Я создан давать мудрые советы — и вести себя как последний дурак.
Я живу, словно только что умер.
Хочешь быть счастливым, не ройся в памяти.
По-настоящему чувствуешь, что у тебя есть «душа», только когда слушаешь музыку.
Когда больна душа, ум вряд ли останется незатронутым.
Великие державы не бывают побеждены — они обычно кончают самоубийством.
Позвонить кому-то и вдруг, от страха, что услышишь его голос, повесить трубку. Так, в конечном счете, и выглядят мои отношения с миром. Отшельничество, подкрашенное общительностью.
В этом мире все находится не на своем месте, начиная с самого мира.
Все, что я думаю об окружающем, умещается в формуле одного из буддистов Тибета: «Мир существует, но он нереален».

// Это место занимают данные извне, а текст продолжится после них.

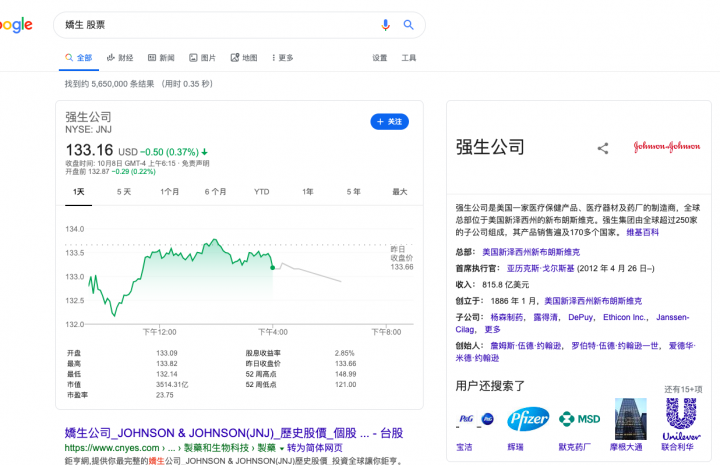 點我看大圖 隱眼股價好高,有人入手過嗎?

Все, чем я обязан разрушительным, беспощадным, «вредным» книгам. Без них я бы не выжил. Только борясь с их ядом, только противостоя их гибельной мощи, я набрал силу и привязался к жизни. Это были укрепляющие книги: они пробудили во мне сопротивление. Я прочел почти всё, что нужно, чтобы пойти ко дну, но именно так я сумел избежать кораблекрушения. Чем «токсичнее» книга, тем лучше она меня взбадривает. Я утверждаюсь единственным способом: от противного.
Сколько было в моём прошлом от несостоявшегося будущего!
Желание — вот настоящая реальность. Даже сожаление есть то же самое желание, только поменявшее направленность. Желание того, чего больше нет.
Создать семью. Да по мне, проще основать империю.
Ниспровержение кумиров влечет за собой освобождение от предрассудков.
Слава моим неудачам! Я обязан им всем, что знаю.
Давайте в глубине души сохраним самую главную уверенность: у жизни смысла нет и не может его быть. Если бы внезапное откровение убедило нас в обратном, нам пришлось бы немедленно убить себя. Если бы исчез вдруг воздух, мы бы ещё чуть-чуть подышали, но, если у нас отнять радость бесцельного существования, мы тотчас задохнемся...
Если у меня нет вкуса к Таинственному, то это потому, что все кажется мне необъяснимым — да что уж там, — потому что я живу необъяснимым и уже им пресытился.
Как узнать, что ты на верном пути? Проще простого: если рядом с тобой не осталось никого, значит, ты действительно близок к сути.
Гостям, которые при виде моего стола спрашивают: «Так это здесь вы пишете свои книги?» — мне всегда хочется ответить: «Нет, я пишу не здесь».
Поймет ли хоть кто-нибудь человека, который ни на секунду не в силах забыть рай?
Я запутался в словах, как другие в делах.
Чем вы занимаетесь? — Жду.
Проснулся — первым делом красней за себя.
Безразличие — вот идеал одержимого.
Последняя степень отчаяния — когда сомневаешься даже в том, что ты есть.
Глоток кофе и сигаретная затяжка — вот мои настоящие родители. Теперь я не курю, не пью кофе и чувствую себя сиротой. Я отказался от всего, что имел: от яда, того яда, который давал мне силу работать.
Человек живет не в стране, он живет внутри языка. Родина — это язык и ничего больше.
Я в силах жить только там, где живу и где меня называют иностранцем. Моя настоящая родина — моя родина? — кажется мне такой же далекой и недостижимой, как ветхозаветный Рай.
У прохожих идиотские лица — и как мы до такого докатились? Можно ли представить подобное зрелище в древности, например в Афинах?
Тип человека, который меня восхищает — Перегоревший.
Не будь у меня свободы покончить жизнь самоубийством, я бы уже давно застрелился.